# ACTIVITY
The full listing, exactly as written and with no images, is the expected output.

# DATA BLOCK
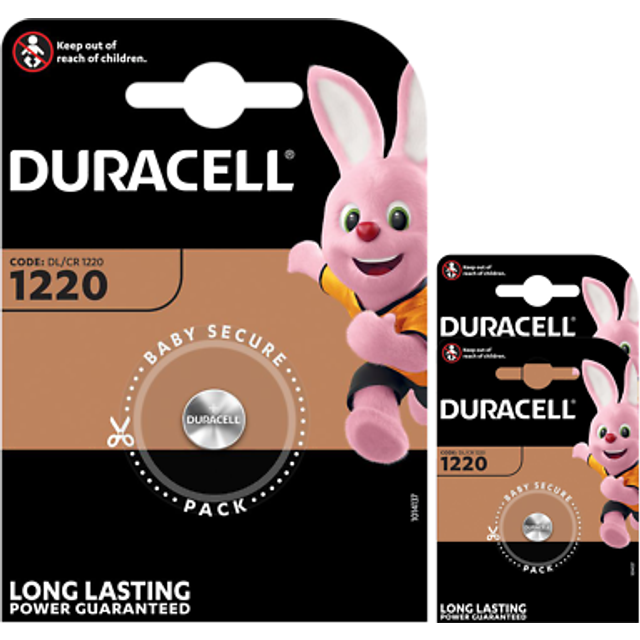 Duracell dl1220 cr1220 1220 3v lithium coin cell battery x 3 long expiry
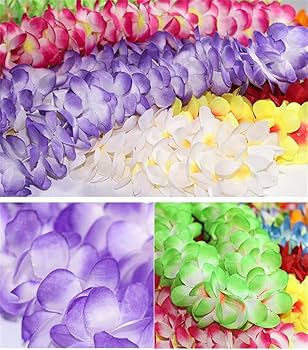 Amazon.co.jp: DUOLEIMI レイ 花 ハワイアンレイ フラダンス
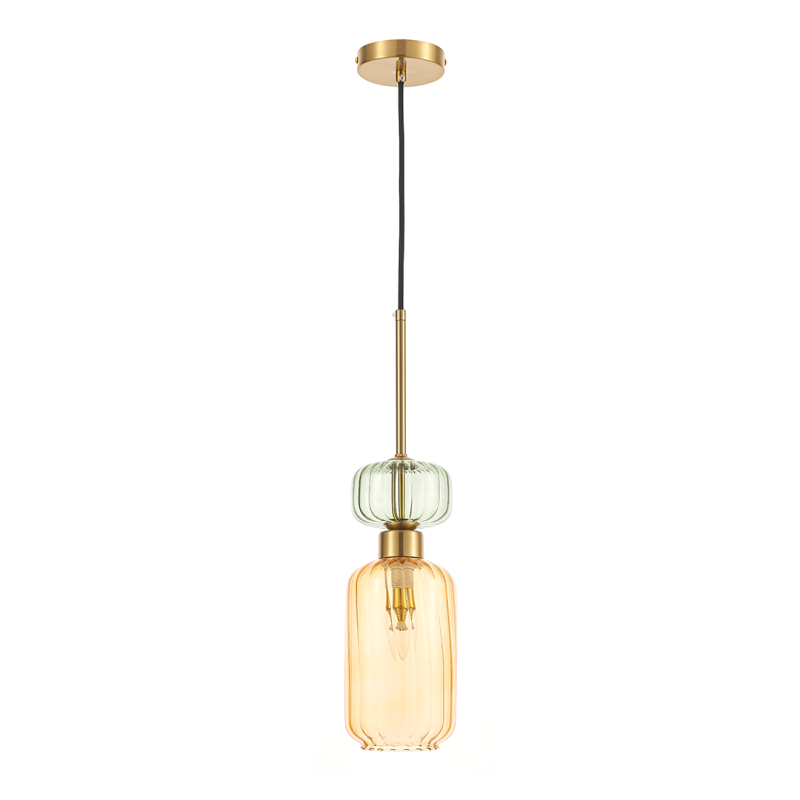 MOLLY AMBER hanging lamp 1xE14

# SOLUTION TO THIS PROBLEM
 Duracell dl1220 cr1220 1220 3v lithium coin cell battery x 3 long expiry
 Amazon.co.jp: DUOLEIMI レイ 花 ハワイアンレイ フラダンス
 MOLLY AMBER hanging lamp 1xE14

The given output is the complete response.